- **What needs to be done**: Give again only the lines from the line that holds "أكثر من 140" to the end of the data, inclusive, omitting all pictures.

(Source records)
********************

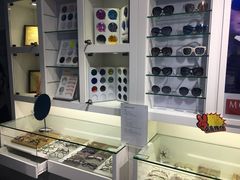 -提一眼镜·蔡司·依视路(小寨店)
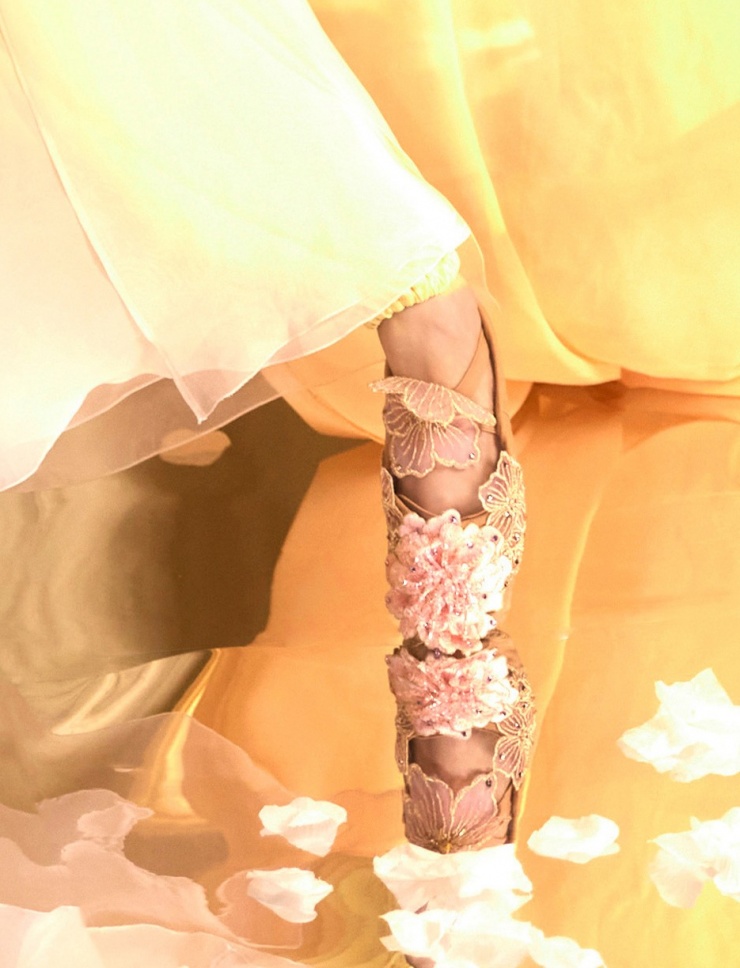 Khán giả viết trên Weibo: "Vẻ đẹp trăng rằm", "Tạo hình của cô ấy rất hợp đêm trăng", "Chờ xem toàn bộ vũ đạo của Địch Lệ Nhiệt Ba".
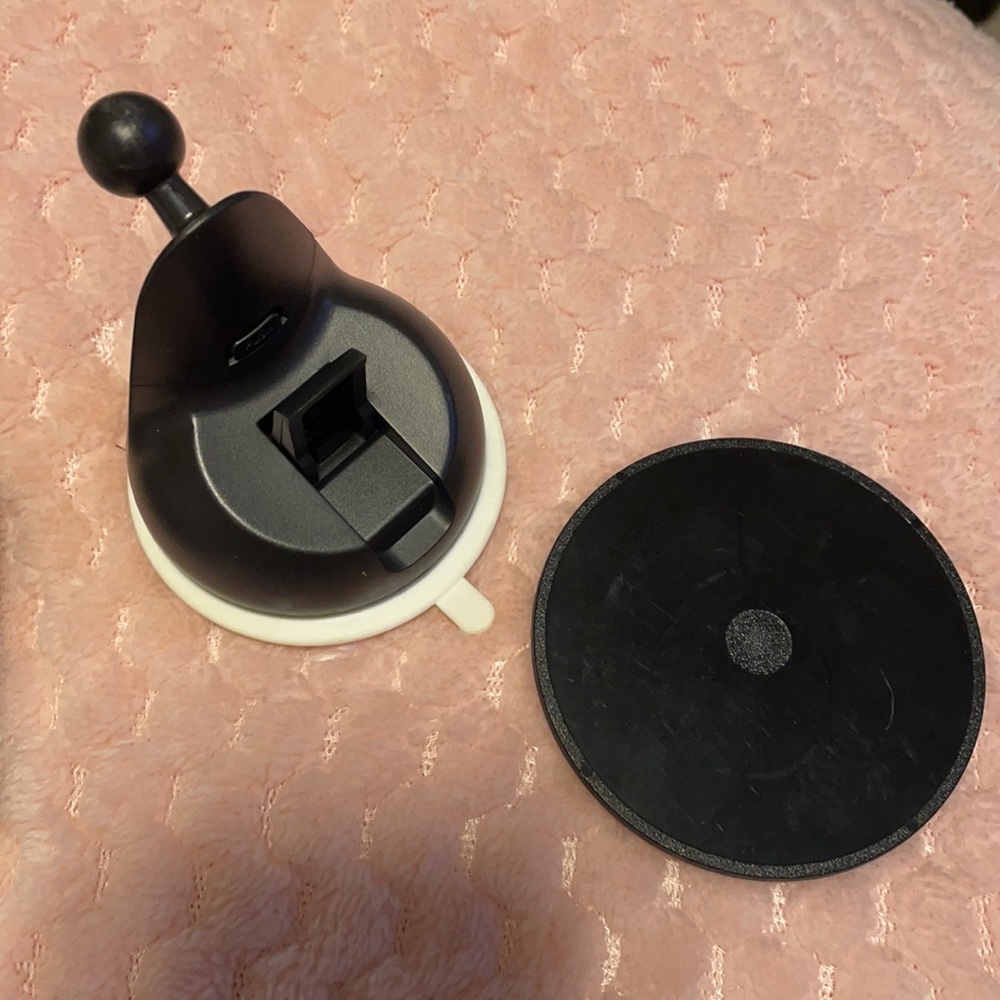 TomTom Navigation System - Picture 4 of 9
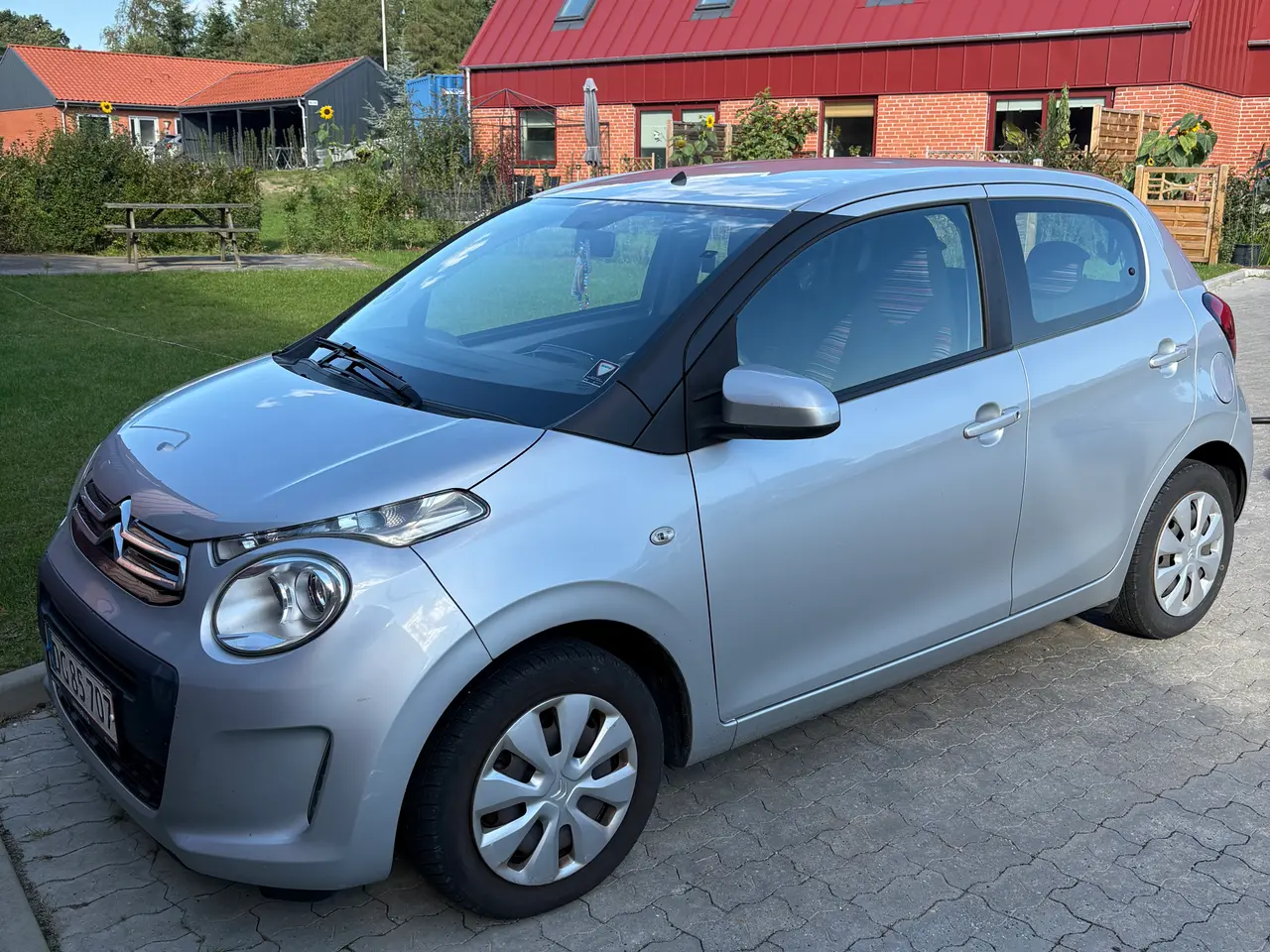 Billede 2 - Fin økonomisk bil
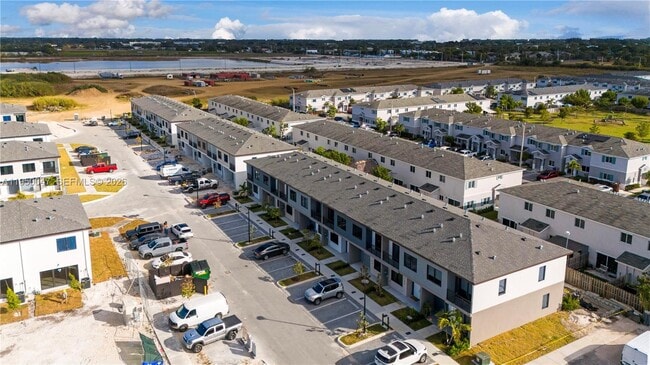 Foto del edificio - 417 NW 13 Ct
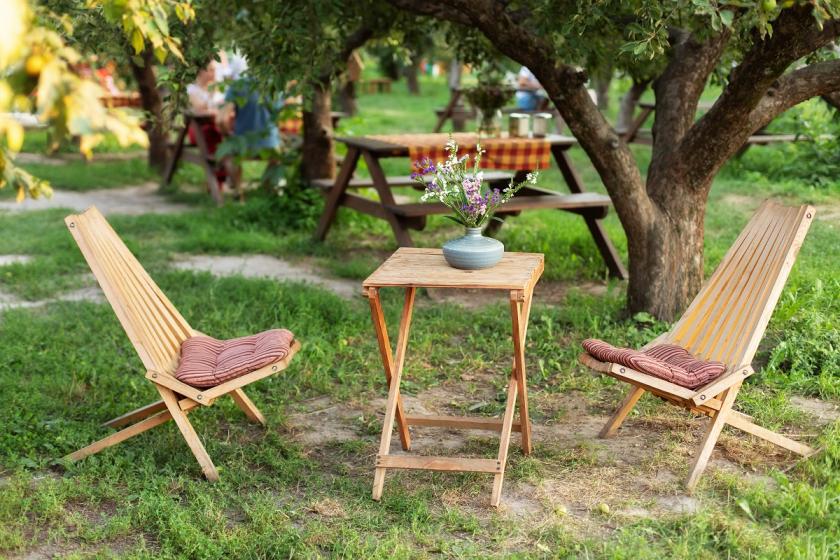 zahradní dřevěné židle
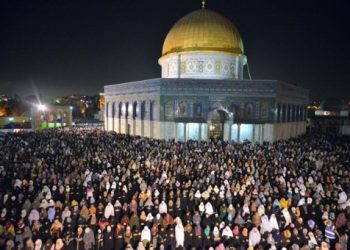أكثر من 140 ألف مصلٍ أدوا صلاة العشاء والتراويح في المسجد الأقصى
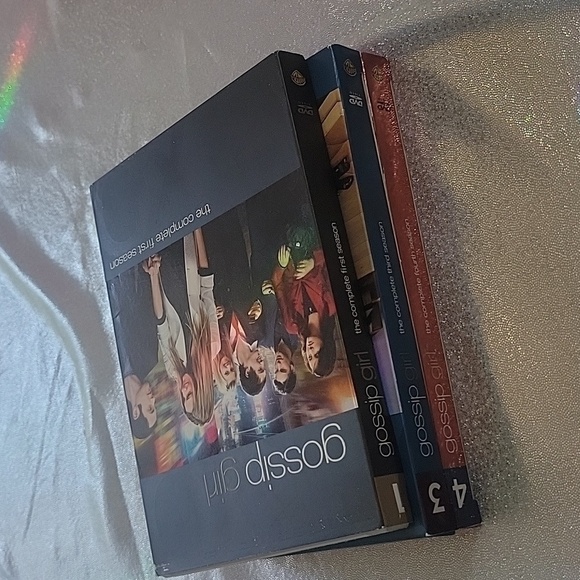 Gossip Girl Seasons 1, 3, 4 DvD Colletion - Picture 1 of 2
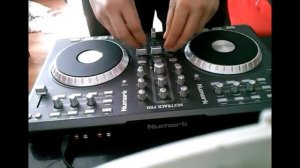 Numark Mixtrack PRO - LiveSet #1. presented by dafresh.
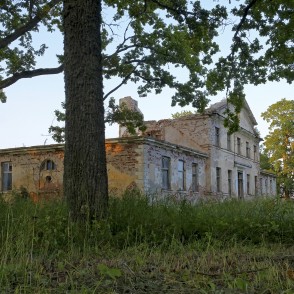 Jaunraunas muižas kungu mājas drupas Jaunraunas muižas kungu mājas drupas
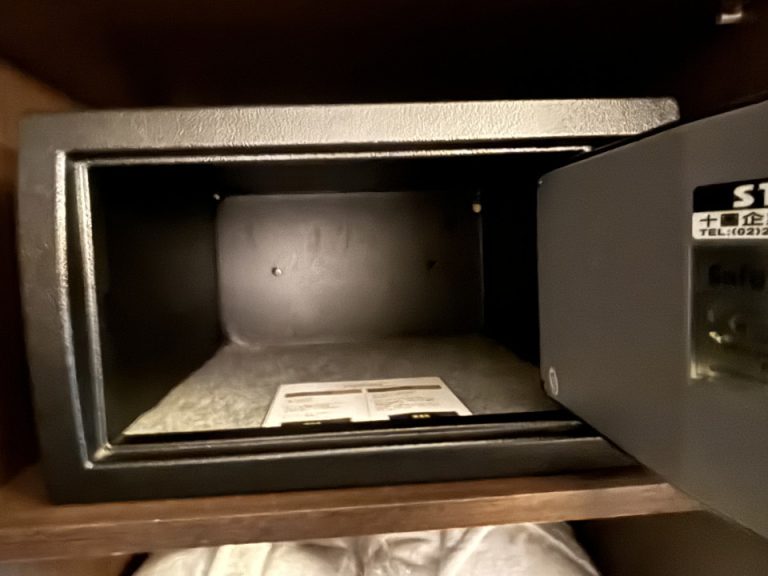 客室_セーフティーボックス(開けた状態)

********************

- **Response to the exercise**:
أكثر من 140 ألف مصلٍ أدوا صلاة العشاء والتراويح في المسجد الأقصى
 Gossip Girl Seasons 1, 3, 4 DvD Colletion - Picture 1 of 2
 Numark Mixtrack PRO - LiveSet #1. presented by dafresh.
 Jaunraunas muižas kungu mājas drupas Jaunraunas muižas kungu mājas drupas
 客室_セーフティーボックス(開けた状態)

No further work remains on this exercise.